Bloomberg News, citing people with knowledge of the matter, reported earlier this week that Microsoft was evaluating a bid for Salesforce after the latter was approached by another unnamed would-be buyer.
Microsoft considers Salesforce's current market valuation expensive, one of the people said. It is possible that Microsoft could review a bid for Salesforce in the long term, the other person said.
The sources asked not to be identified because the deliberations are confidential.
Microsoft and Salesforce both declined to comment.
San Francisco-based Salesforce is No. 1 in the $23 billion-a-year customer relationship management (CRM) market, according to tech research firm Gartner. It helps corporations organize and track sales calls and leads.
Salesforce's services are entirely provided over the cloud, with no software directly installed on PCs. Oracle and Microsoft, which were relatively late to the cloud model, have much smaller online CRM revenues.
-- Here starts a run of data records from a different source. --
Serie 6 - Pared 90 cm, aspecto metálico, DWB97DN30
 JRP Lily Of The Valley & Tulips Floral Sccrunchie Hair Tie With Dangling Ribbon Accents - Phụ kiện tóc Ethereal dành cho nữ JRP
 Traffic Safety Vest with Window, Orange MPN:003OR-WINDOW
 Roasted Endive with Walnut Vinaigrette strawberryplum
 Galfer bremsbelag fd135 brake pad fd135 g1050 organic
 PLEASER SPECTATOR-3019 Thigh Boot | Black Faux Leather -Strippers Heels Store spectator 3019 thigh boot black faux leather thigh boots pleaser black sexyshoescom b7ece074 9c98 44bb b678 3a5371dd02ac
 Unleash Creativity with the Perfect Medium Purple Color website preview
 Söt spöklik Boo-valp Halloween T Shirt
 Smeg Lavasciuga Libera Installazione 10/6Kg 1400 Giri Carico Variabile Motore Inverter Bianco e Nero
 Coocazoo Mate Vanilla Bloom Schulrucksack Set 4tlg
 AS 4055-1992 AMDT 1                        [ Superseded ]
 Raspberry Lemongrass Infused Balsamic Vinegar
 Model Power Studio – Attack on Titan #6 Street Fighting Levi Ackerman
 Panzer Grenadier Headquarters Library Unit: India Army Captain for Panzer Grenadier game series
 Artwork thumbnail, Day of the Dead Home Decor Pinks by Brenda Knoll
As a result, Microsoft and several other big software companies are seeking to beef up their presence in cloud computing.
Yet any deal for Salesforce, which has a market capitalization of $49 billion, would be pricey. Salesforce's shares, which have risen 48 percent in the last 12 months, trade at 106.8 times the company's forward earnings, well above Microsoft's multiple of 19.1, according to Thomson Reuters data.
Last month, Oracle Chief Executive Safra Catz said her company could benefit if Microsoft or another rival bought Salesforce.com.
"It would cause a lot of disruption in that market and so I would view that as something that would be helpful to us, especially in the short or medium term, dependent on who it was," Catz said. She declined to comment on whether Oracle had made an approach to buy Salesforce.
Another potential buyer for Salesforce has ruled itself out. SAP SE Chief Executive Bill McDermott said earlier this week his company has "zero interest" in its software rival.
"We have never bought something that was impaired and in decline," he said, saying that Salesforce's cloud computing software was becoming commoditized.